REQUIREMENT -
Omitting the pictures, output all of the records precisely as written.

THE RECORDS -
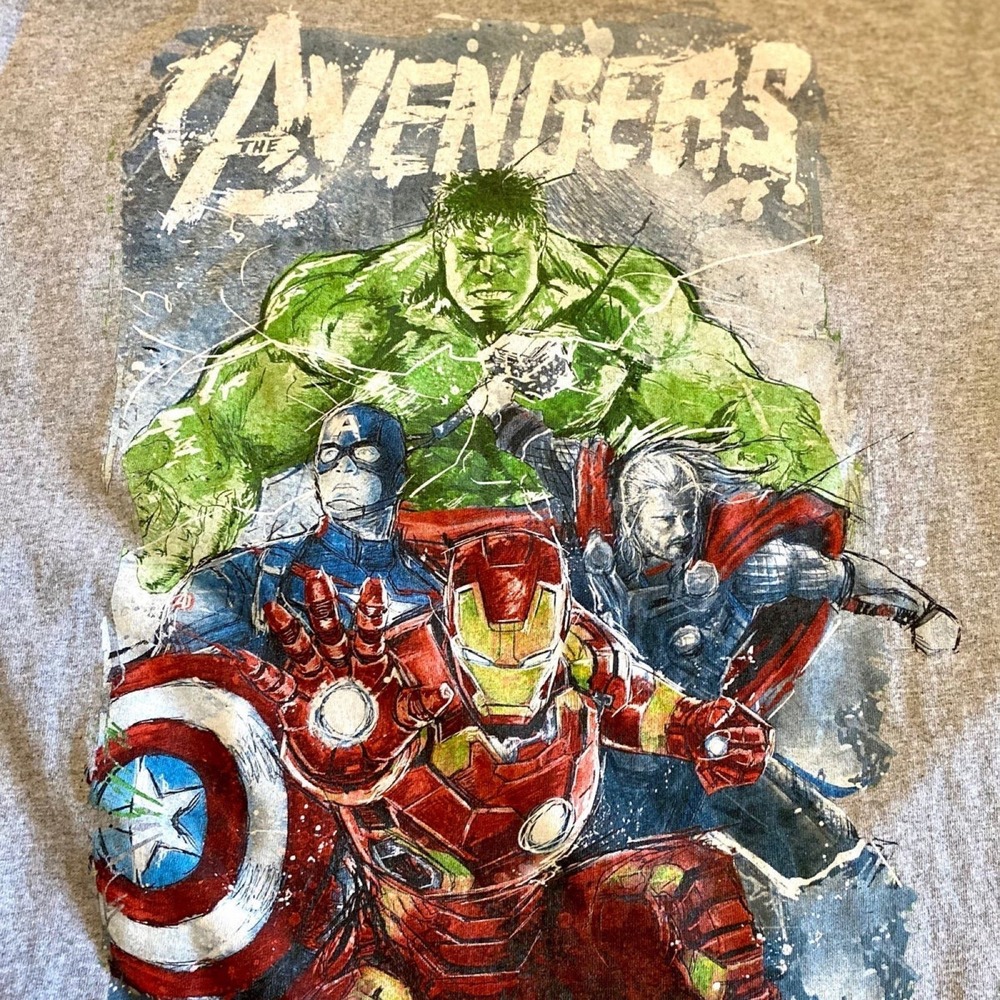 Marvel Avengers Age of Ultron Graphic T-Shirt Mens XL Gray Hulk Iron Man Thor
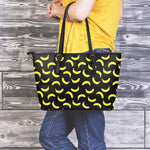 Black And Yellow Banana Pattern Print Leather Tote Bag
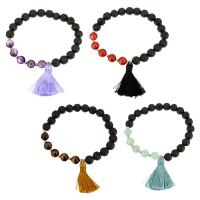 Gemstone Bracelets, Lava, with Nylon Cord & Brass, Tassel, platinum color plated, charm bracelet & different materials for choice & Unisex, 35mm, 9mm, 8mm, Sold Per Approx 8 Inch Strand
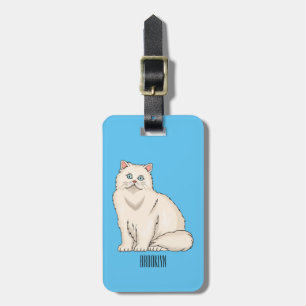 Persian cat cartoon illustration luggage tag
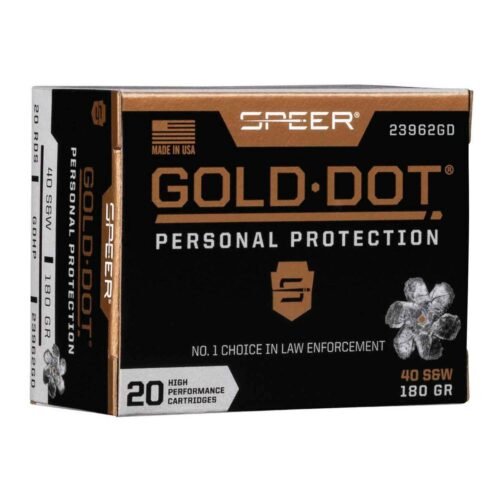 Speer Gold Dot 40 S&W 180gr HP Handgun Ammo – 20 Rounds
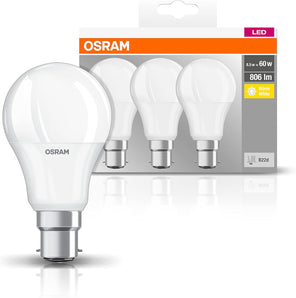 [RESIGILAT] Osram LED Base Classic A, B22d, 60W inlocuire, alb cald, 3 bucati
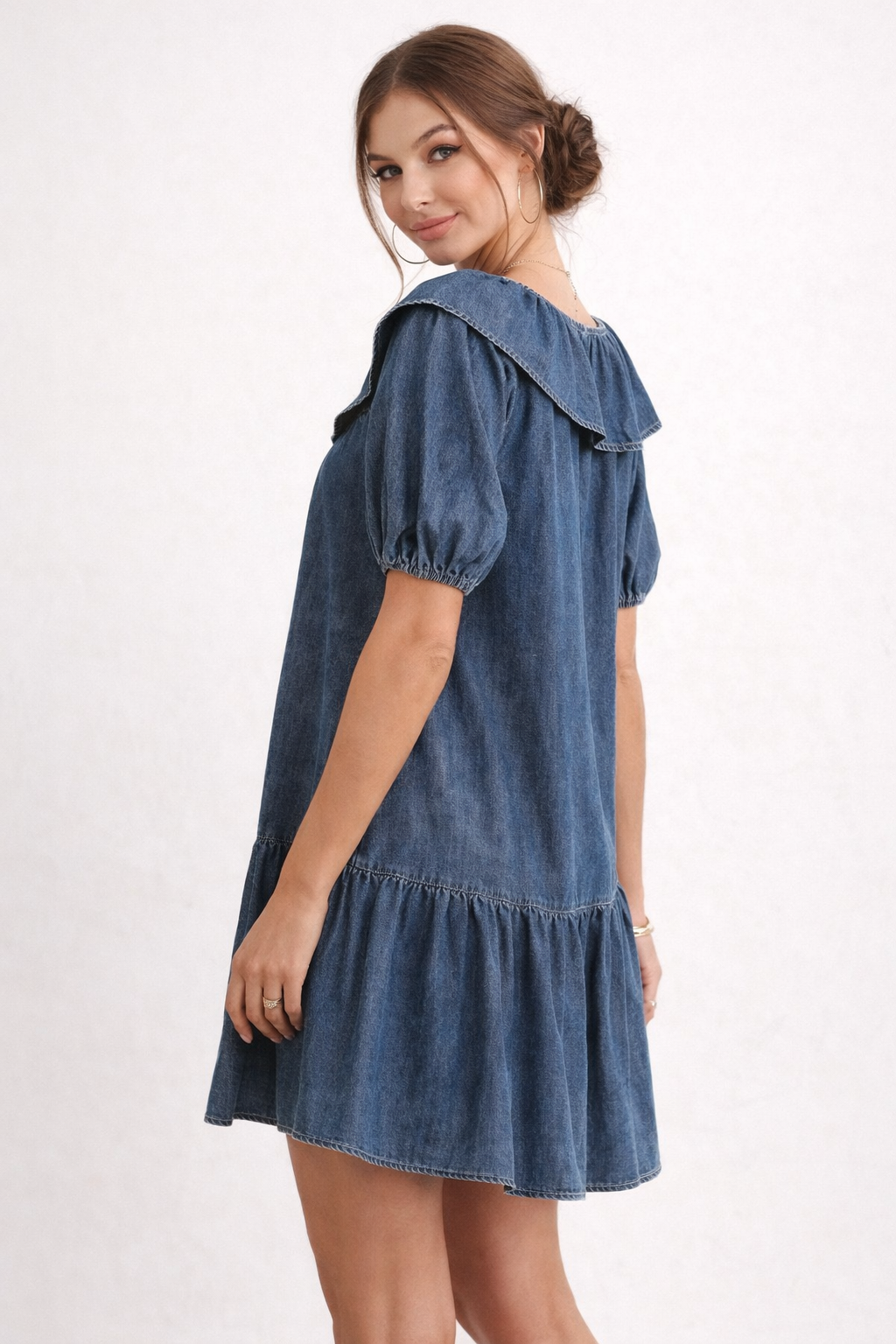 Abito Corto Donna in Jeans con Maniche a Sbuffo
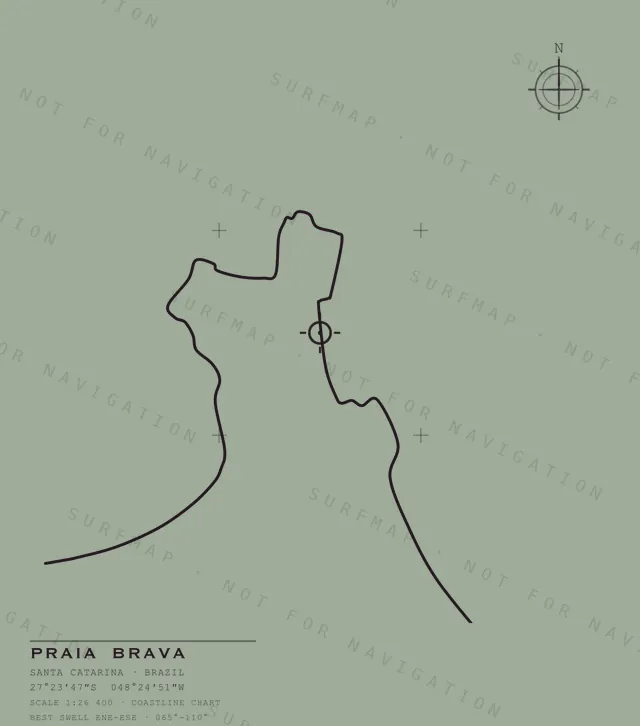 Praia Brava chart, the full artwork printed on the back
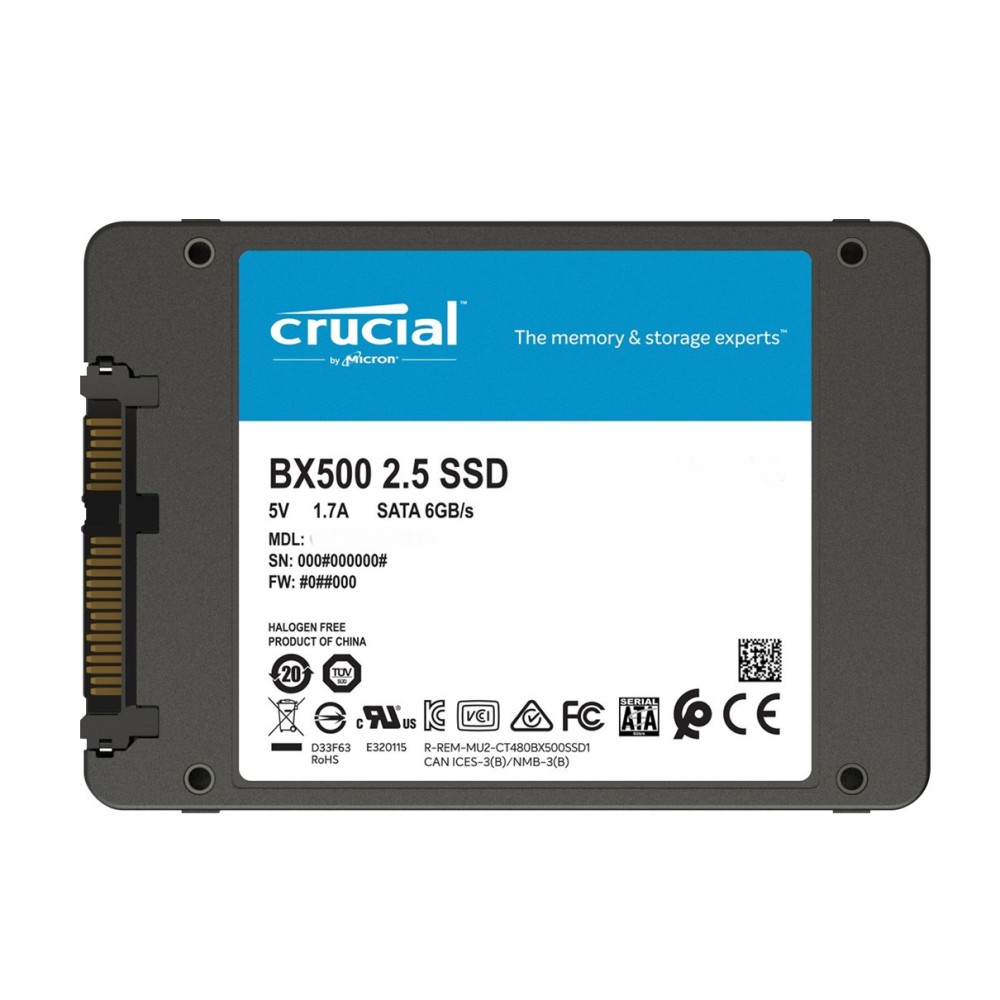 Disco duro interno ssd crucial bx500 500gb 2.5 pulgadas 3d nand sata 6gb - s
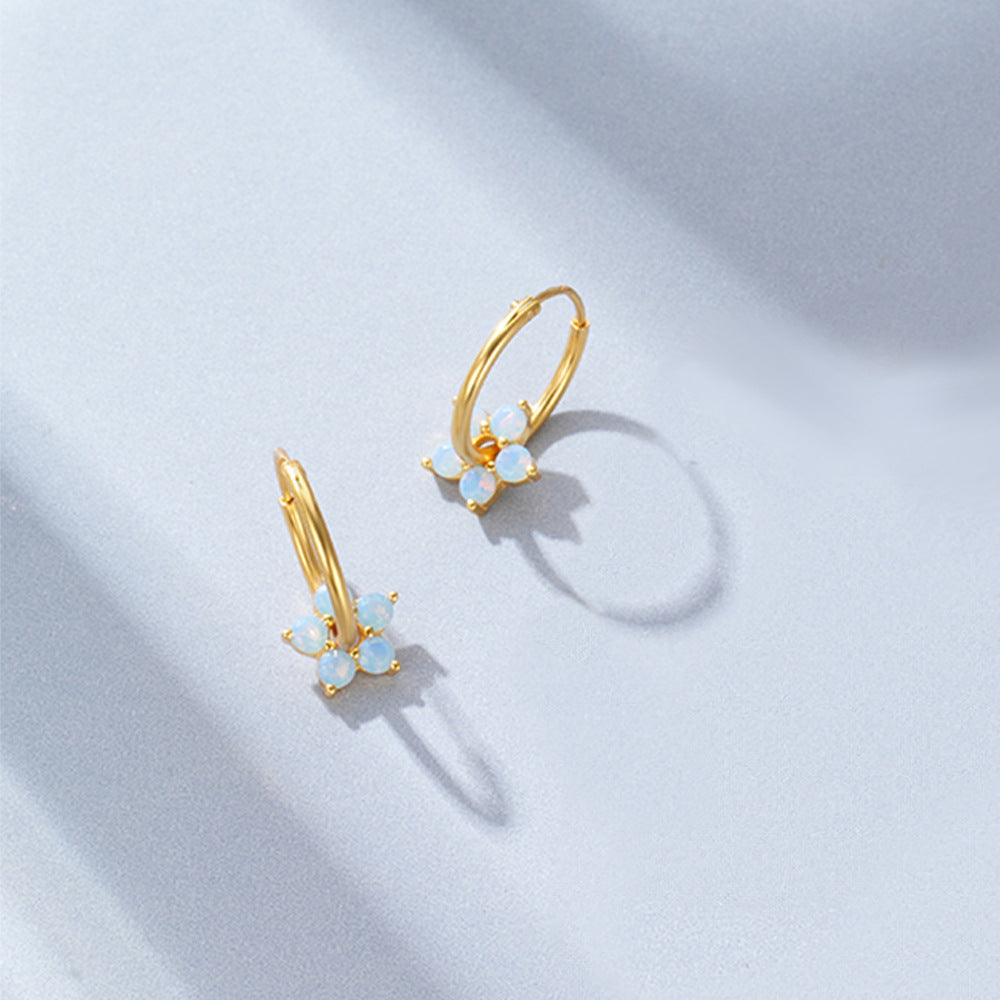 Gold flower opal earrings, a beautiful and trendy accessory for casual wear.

TASK OUTPUT -
 Marvel Avengers Age of Ultron Graphic T-Shirt Mens XL Gray Hulk Iron Man Thor
 Black And Yellow Banana Pattern Print Leather Tote Bag
 Gemstone Bracelets, Lava, with Nylon Cord & Brass, Tassel, platinum color plated, charm bracelet & different materials for choice & Unisex, 35mm, 9mm, 8mm, Sold Per Approx 8 Inch Strand
 Persian cat cartoon illustration luggage tag
 Speer Gold Dot 40 S&W 180gr HP Handgun Ammo – 20 Rounds
 [RESIGILAT] Osram LED Base Classic A, B22d, 60W inlocuire, alb cald, 3 bucati
 Abito Corto Donna in Jeans con Maniche a Sbuffo
 Praia Brava chart, the full artwork printed on the back
 Disco duro interno ssd crucial bx500 500gb 2.5 pulgadas 3d nand sata 6gb - s
 Gold flower opal earrings, a beautiful and trendy accessory for casual wear.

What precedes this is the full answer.